Nachdem Architekt Günter Naumann und Bauforscherin Stefanie Bassen kurz auf die Struktur und Geschichte des alten Hauses eingegangen waren, schilderte Ingenieur Anton Landgraf dem Stadtratsgremium die Schäden, die im Laufe der Zeit an dem Gebäude entstanden sind. Sie lassen sich in drei Klassen unterteilen: ursprüngliche Schäden, die ihre Ursache zum Beispiel in Fehlern in der Konstruktion haben, Feuchtigkeit und Beschädigungen durch unsachgemäße Eingriffe im Lauf der Zeit.

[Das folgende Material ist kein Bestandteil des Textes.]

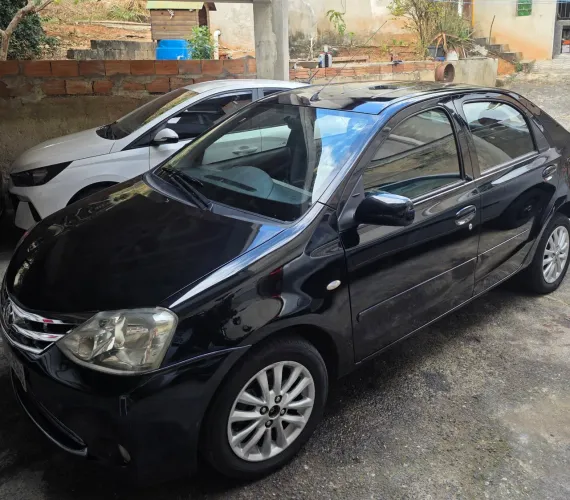 Toyota Etios XLS Sedan 1.5 Flex 16V 4P Mec. 2013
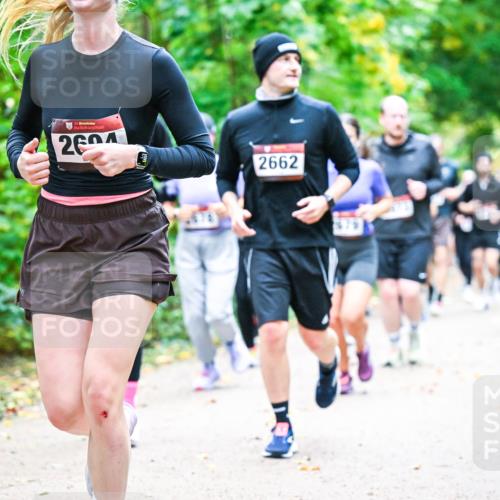 12.10.2025 - Bramfelder Halbmarathon 2025 Dr. Thomas Lammeyer http://msf.ph/oto/9343554 12.10.2025 09:58:47 Laufen 34, 2604, 2662, 679 meine-sportfotos.de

Bei der Rückwand des Gebäudes lautete das Urteil des Experten: "akute Teileinsturzgefahr". Das Haus sollte also dringend über eine Notsicherung gestützt werden. Das, entgegnete Bürgermeister Tischler, sei bereits in Auftrag gegeben. Architekt Naumann schilderte im Anschluss eine mögliche Nutzung des Hauses nach einer Sanierung. Im Erdgeschoss würde demzufolge eine rund 45 Quadratmeter große Wohnung entstehen, die weitgehend barrierefrei wäre. Das Obergeschoss würde Raum für eine 100-Quadratmeter-Wohnung bieten.

Einstimmiger Beschluss

Einstimmig beschloss der Stadtrat bei der Sitzung, das an das Haus angrenzende Nebengebäude abzubrechen. Das hätte zwei positive Effekte: Lichteinfall aus Richtung Süden sowie Platz für zumindest einen kleinen Garten in der Altstadt. Das Thema wird laut Verwaltungsleiter Bernhard Baumer wohl in absehbarer Zeit wieder in den Stadtrat kommen. Dann gilt es, das weitere Vorgehen zu klären und zu konkretisieren.